_Work request:_ Leave out the images and output the records word for word.

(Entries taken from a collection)
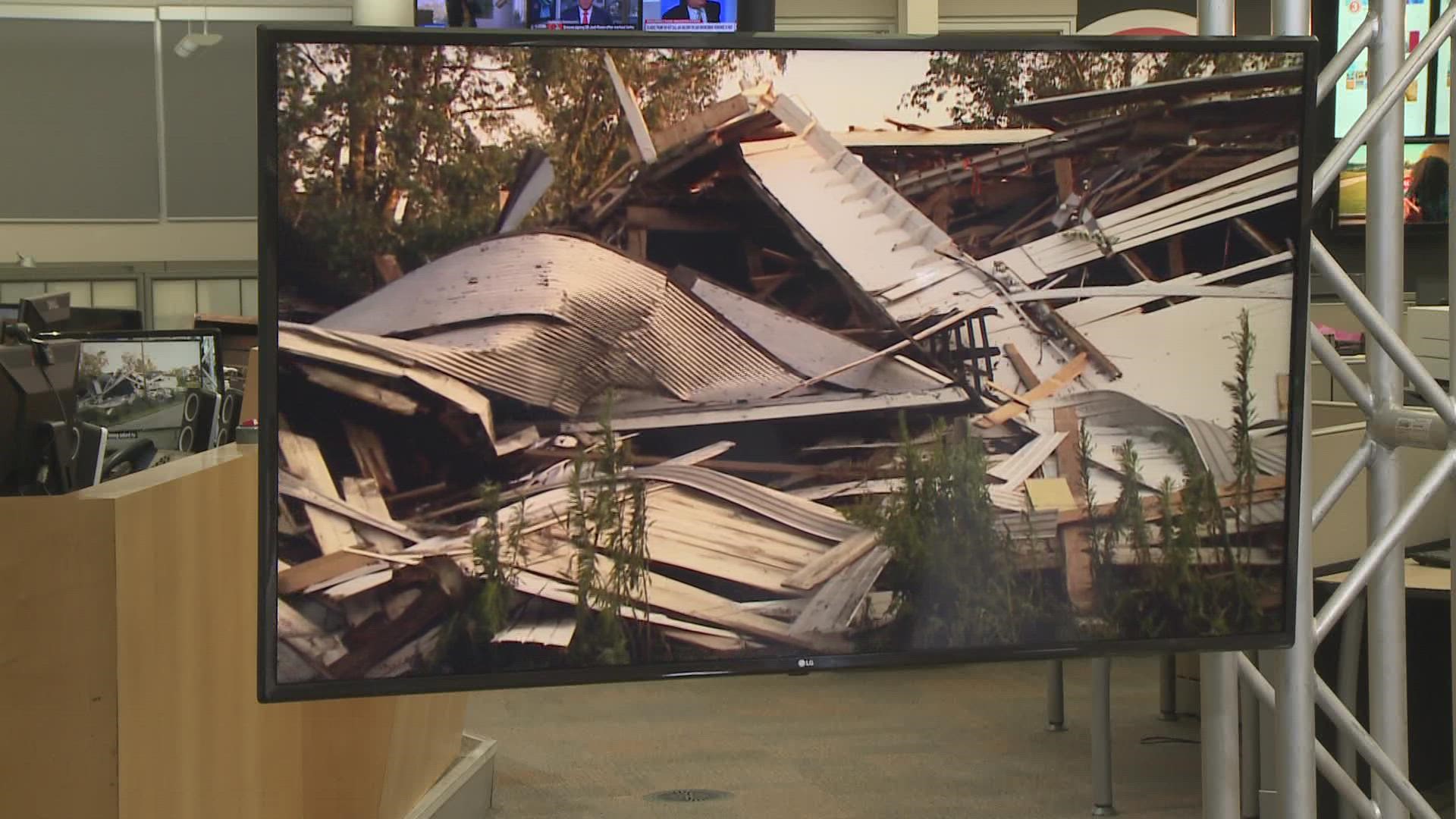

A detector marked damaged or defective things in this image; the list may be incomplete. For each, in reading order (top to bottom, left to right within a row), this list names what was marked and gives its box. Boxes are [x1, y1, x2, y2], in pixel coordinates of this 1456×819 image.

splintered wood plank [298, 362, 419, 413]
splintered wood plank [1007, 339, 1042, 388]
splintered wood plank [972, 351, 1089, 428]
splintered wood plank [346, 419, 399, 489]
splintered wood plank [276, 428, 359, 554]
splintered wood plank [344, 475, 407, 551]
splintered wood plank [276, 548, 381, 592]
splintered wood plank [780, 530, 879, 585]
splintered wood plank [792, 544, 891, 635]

_Exercise response:_
A detector marked damaged or defective things in this image; the list may be incomplete. For each, in reading order (top to bottom, left to right within a row), this list names what was marked and gives its box. Boxes are [x1, y1, x2, y2], in pixel coordinates of this 1456×819 image.

splintered wood plank [298, 362, 419, 413]
splintered wood plank [1007, 339, 1042, 388]
splintered wood plank [972, 351, 1089, 428]
splintered wood plank [346, 419, 399, 489]
splintered wood plank [276, 428, 359, 554]
splintered wood plank [344, 475, 407, 551]
splintered wood plank [276, 548, 381, 592]
splintered wood plank [780, 530, 879, 585]
splintered wood plank [792, 544, 891, 635]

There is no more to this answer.